Many moons ago the BBCNews dropped a bombshell.
It concerned the reflections of Konnie Huq, 10-year veteran presenter of the children’s TV programme, Blue Peter.
Konnie spoke of a recurring theme she’d noticed in her years of working with children.
“So many times I’d ask kids what they wanted to do, and they’d say “I want to be famous”, but they weren’t really sure what for,” she said, recalling how different the attitudes were to her own.
They wanted to be famous but they didn’t know what they wanted to be famous for.
In his bestselling book, “The Subtle Art of Not Giving A F*ck,” Mark Manson took a different approach when he wrote:
“If I ask you, “What do you want out of life?” and you say something like “I want to be happy and have a great family and a job I like”, your response is so common and expected that it doesn’t mean anything.”

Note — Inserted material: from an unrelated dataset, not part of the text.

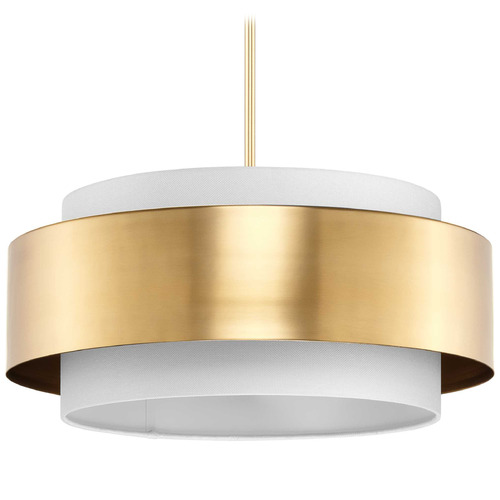 Progress Lighting Progress Lighting Silva Brushed Bronze Pendant Light with Drum Shade P500400-109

“Everybody enjoys what feels good. Everybody wants to live a carefree, happy and easy life, to fall in love and have amazing sex and relationships, to look perfect and make money and be popular, well-respected and admired to the point that people part like the Red Sea when they walk in the room.”

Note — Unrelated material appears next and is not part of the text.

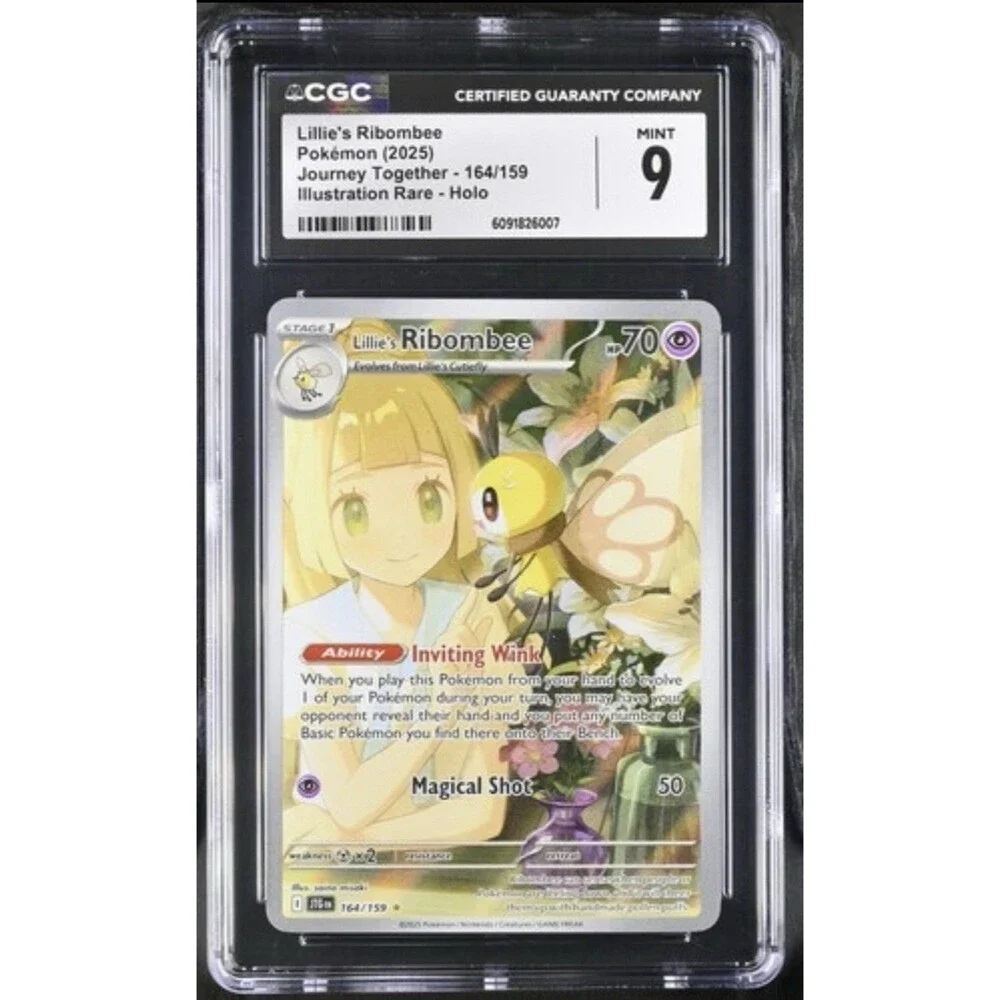 Lillie's Ribombee 164/159 Sv09: Journey Together Holo CGC Mint 9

“Everybody wants that. It’s easy to want that.”
“A more interesting question, a question that most people never consider, is “What pain do you want in your life? What are you willing to struggle for? Because that seems to be a greater determinant of how our lives turn out.”
Now, let’s take a moment to be really honest with ourselves. Grab a pen and paper, an iPad, or just use your phone and list everything that makes you squirm and suffer.
Yes, suffer. You’ll find it easier to grapple with the sources of agony in your life than the vague notion of “What do you want out of life?”
Skipping this step won’t benefit you. Only you need to see what you write down.
In the game of life, you have to pick a direction to go in.
You’ll prove to yourself how much easier it is to get to grips with what causes pain in your life than the vague concept of “What do you want out of life?”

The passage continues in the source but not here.